There are dozens of Christmas stories out there. From Elf to Frosty to Rudolph to those tacky Christmas specials on the Hallmark channel, there are loads of options if you feel like popping some popcorn and curling up on your couch to an evening of holiday fare. Growing up, we had a handful of Christmas movies we visited every year. Many of these were all recorded on one VHS tape that my parents put together one year at Christmas when I was very little, and they got watched over and over again. The others are big screen classics. They were:
- Frosty the Snowman
- Rudolph the Red-Nosed Reindeer
- How the Grinch Stole Christmas
- Timmy’s Gift/Timmy’s Special Delivery
- Winnie the Pooh and Christmas Too
- A Garfield Christmas Special
- The Santa Clause
- Jingle All the Way
- It’s a Wonderful Life
- White Christmas
- A Christmas Carol (1951)
- Elf (a new addition….)
Some films and shorts (mostly the childish cartoons, excepting Rudolph, obviously) I no longer watch, and other ones I appreciate more now that I am grown. These stories have always been a part of my holiday tradition, but none more firmly than Dickens’ timeless classic. In its many forms, A Christmas Carol still permeates Christmas culture today. It was the only solid tradition we had growing up. On Christmas Eve, my father would lather us with snacks and sugary drinks, turn off all the lights, and we’d watch his favorite version of the story.

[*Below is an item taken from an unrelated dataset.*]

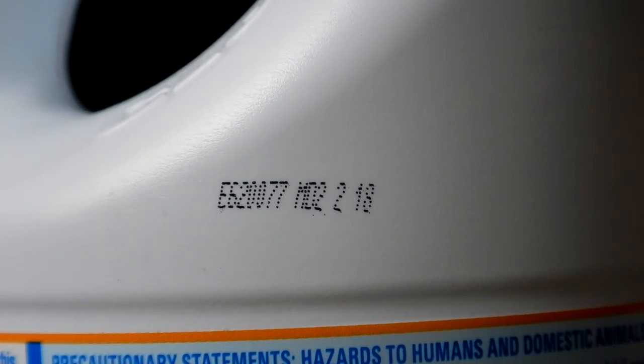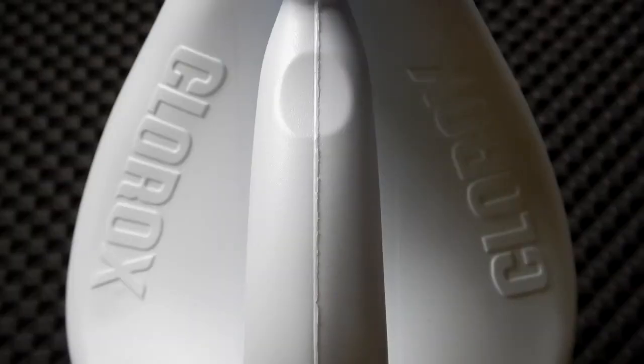I was told that the E6 designates the plant it was made at. The next set of characters — the two zero — is the actual year of manufacture, which is 2020. Then zero seven seven is the Julian date, standing for the 77th day of the year, which is March 17th, 2020. The rest is plant information. The expiration date of Clorox bleach is one year from the date of manufacture.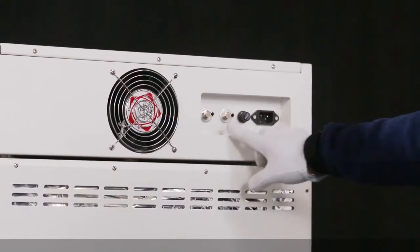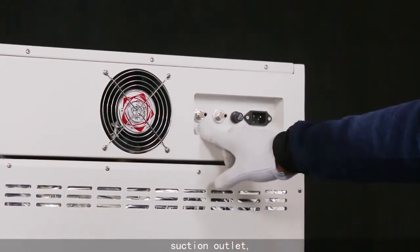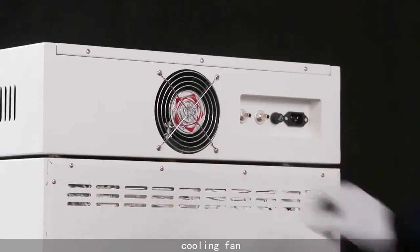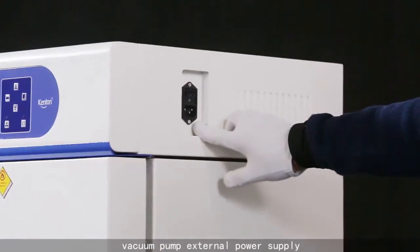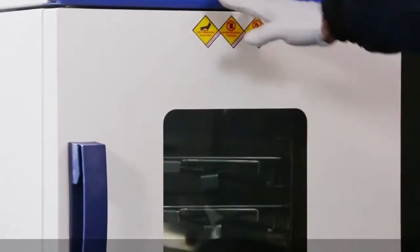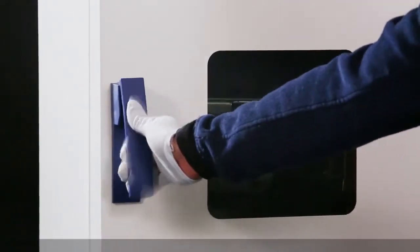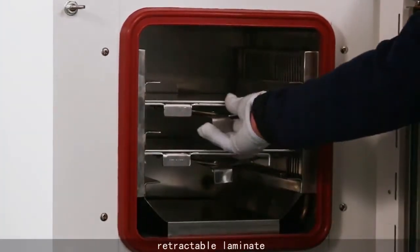Air Inlet, Suction Outlet, Cooling Fan, Vacuum Palm External Power Supply, Micro Computer Control Instrument, Retractable Laminate.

Ebenezer Scrooge is a man of incredible fortune. He has fought his way from poverty as a simple clerk in an accounting office to the owner of it. He has abandoned his friends, his family, and his young fiance all in pursuit of affluence and now, on Christmas Eve, he famously visited by three ghosts. He is anything but happy in his life, and he spreads his misery like a plague. Then, in the course of a single night, he is shown his many failings and is inspired to turn his life around. To quote the book itself:
“He became as good a friend, as good a master, and as good a man as the good old city ever knew, or any other good old city, town, or borough in the good old world.”
Whether you appreciate the moral revelation, or believe (as my father does) that Dickens’ story is the tale of a sinful man’s religious resurrection… the story resonates. It tells us of the hardest of souls, and inspires us to believe that even the cruelest of men can be changed and softened. That there is hope for everyone. That the spirit of Christmas may live in everyone’s heart is a beautiful thought. I’m a sucker for any message of hope.

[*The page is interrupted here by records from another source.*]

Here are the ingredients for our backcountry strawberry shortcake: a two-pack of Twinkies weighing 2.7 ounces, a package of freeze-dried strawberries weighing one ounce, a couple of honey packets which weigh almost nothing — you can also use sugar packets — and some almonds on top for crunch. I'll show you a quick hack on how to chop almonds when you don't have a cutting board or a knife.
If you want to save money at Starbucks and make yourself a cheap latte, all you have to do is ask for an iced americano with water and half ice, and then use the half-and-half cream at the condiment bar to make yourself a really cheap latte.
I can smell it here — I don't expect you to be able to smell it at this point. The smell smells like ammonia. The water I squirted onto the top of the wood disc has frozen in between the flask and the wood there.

I try not to be too Scrooge-esque at Christmas time. I try to be generous, kind, and loving. I try to curb my own anger and not crush those around me, no matter how foul I feel. It’s very easy as an adult in this dog-eat-dog world to want to shout “Bah humbug!” from the tallest of mountains. But I try not to. Because with a smile and an open mind, it’s very easy to let the childish joy of the season revive you.
Which Christmas story resonates with y’all?